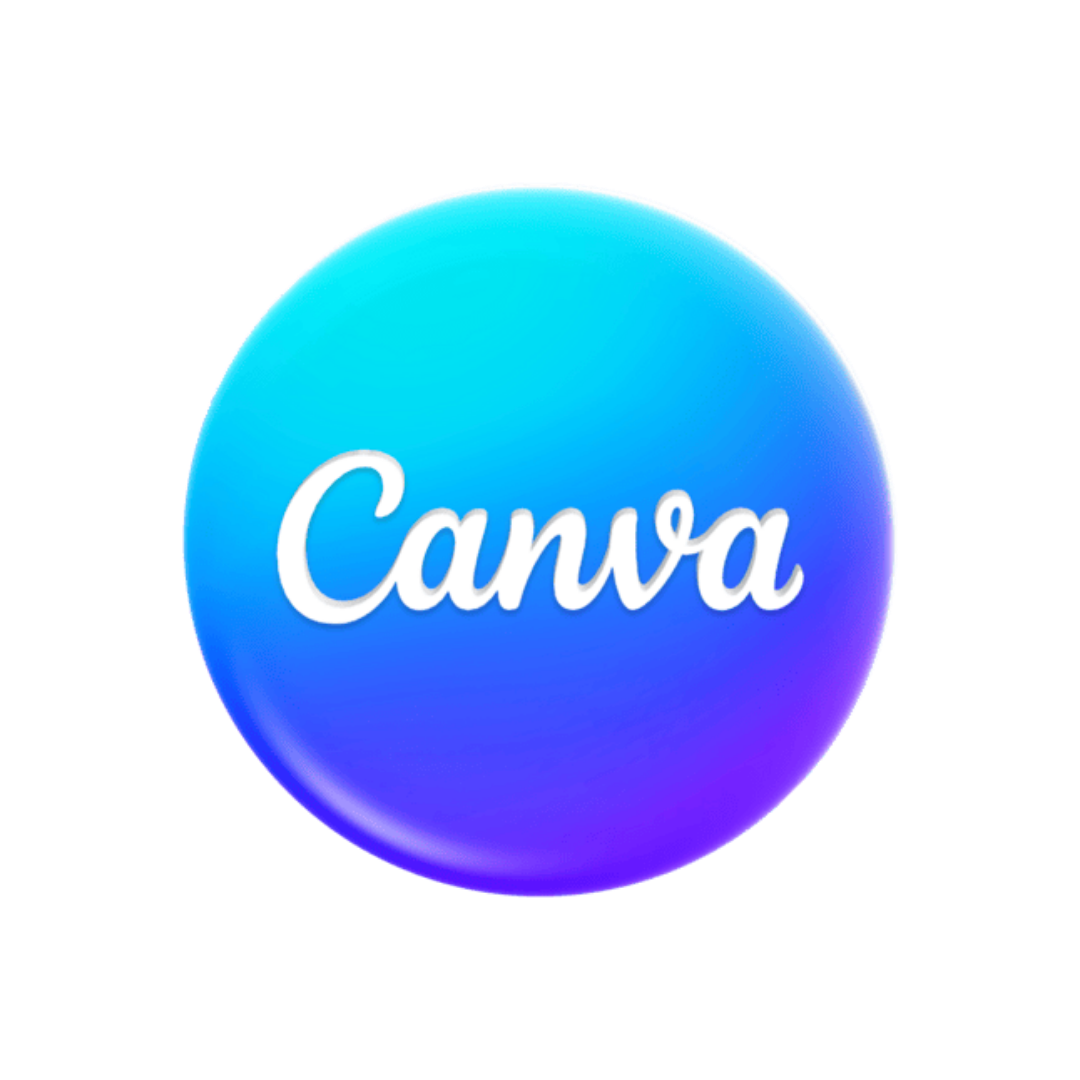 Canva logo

::::

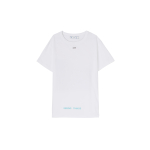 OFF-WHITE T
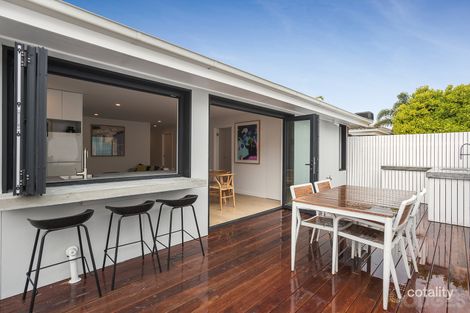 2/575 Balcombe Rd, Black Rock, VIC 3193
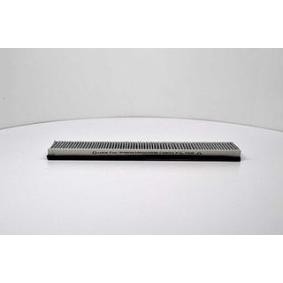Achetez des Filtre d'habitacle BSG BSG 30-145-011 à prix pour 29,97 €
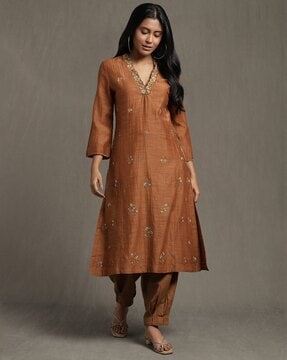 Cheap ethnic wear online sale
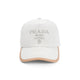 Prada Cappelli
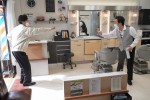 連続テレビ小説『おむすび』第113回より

::::

What is being asked -
From the material above, output only the span of lines that starts at the one containing "Achetez des Filtre" and finishes at the one containing "連続テレビ小説『おむすび』第113回より", word for word and free of pictures.

Answer section -
Achetez des Filtre d'habitacle BSG BSG 30-145-011 à prix pour 29,97 €
 Cheap ethnic wear online sale
 Prada Cappelli
 連続テレビ小説『おむすび』第113回より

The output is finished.